From the line that contains "Διαρροή, Μακεδονία - Οφείλεται, Fraport,diarroi, makedonia" to the final line below, both included, print each line exactly and skip the pictures.

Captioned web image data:
>>>
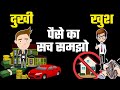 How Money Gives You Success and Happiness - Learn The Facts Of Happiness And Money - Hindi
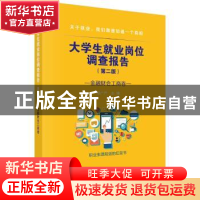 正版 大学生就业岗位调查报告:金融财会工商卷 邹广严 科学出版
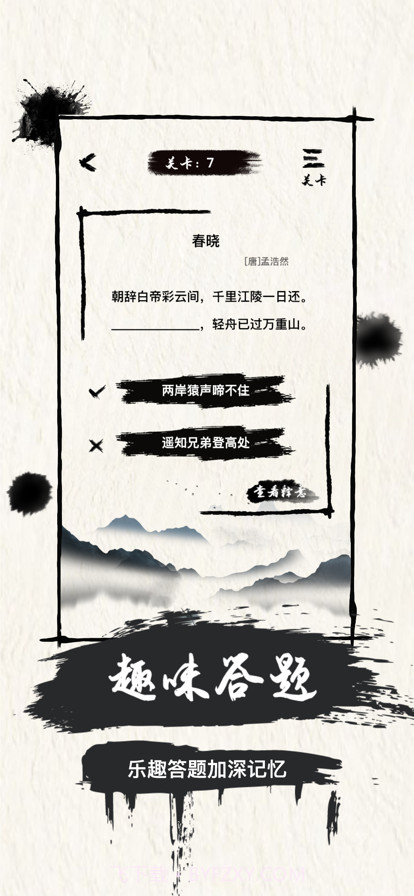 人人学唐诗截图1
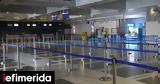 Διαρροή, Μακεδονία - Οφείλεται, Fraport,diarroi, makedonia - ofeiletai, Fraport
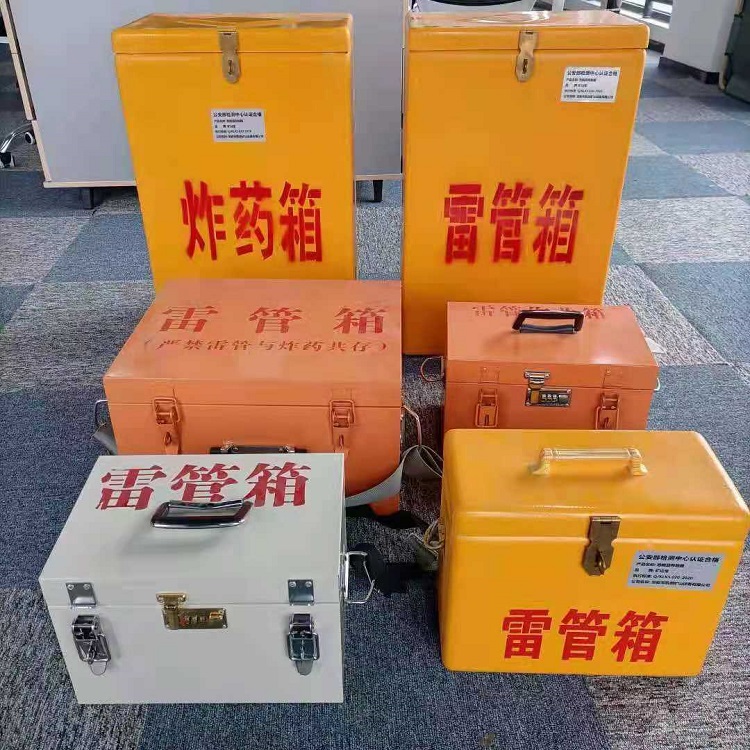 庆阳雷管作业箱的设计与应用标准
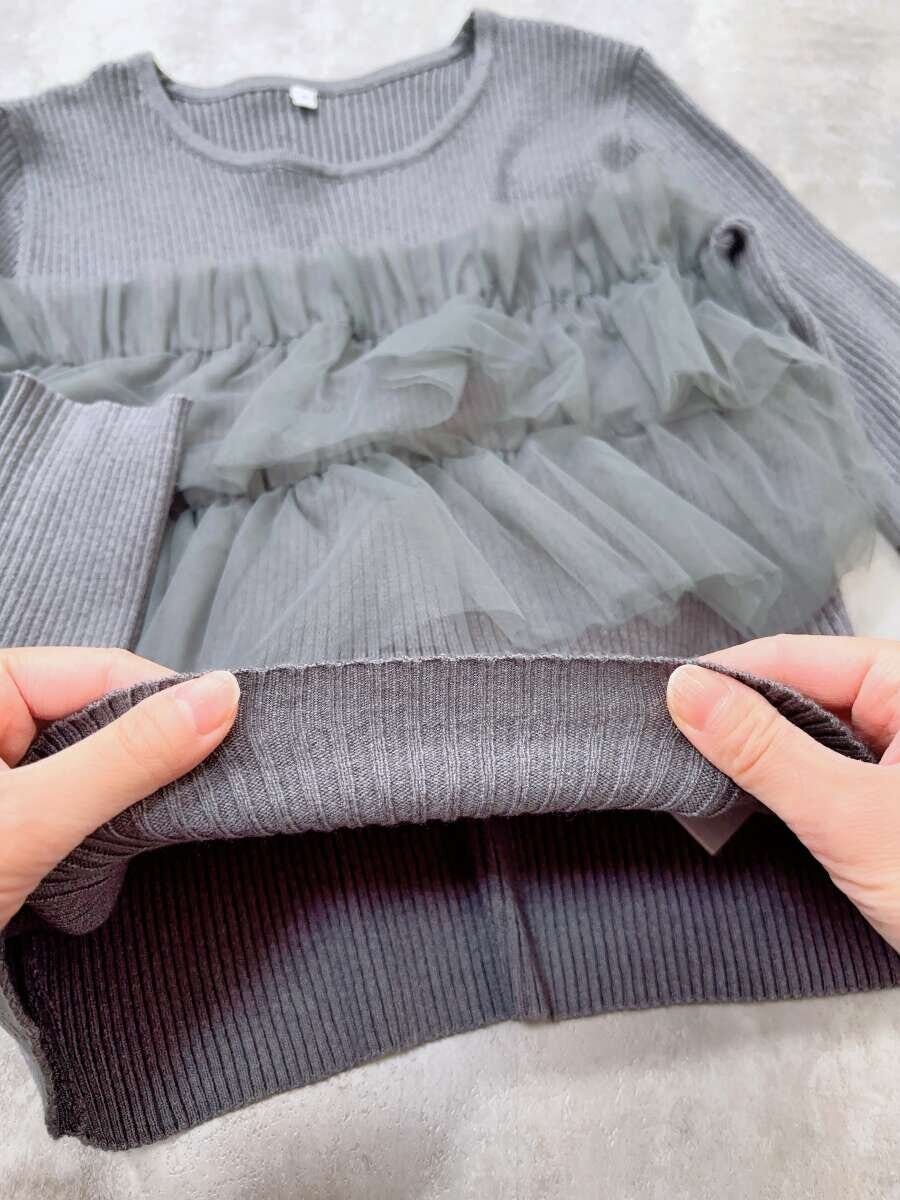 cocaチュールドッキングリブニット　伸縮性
<<<
EXERCISE SOLUTION:
 Διαρροή, Μακεδονία - Οφείλεται, Fraport,diarroi, makedonia - ofeiletai, Fraport
 庆阳雷管作业箱的设计与应用标准
 cocaチュールドッキングリブニット　伸縮性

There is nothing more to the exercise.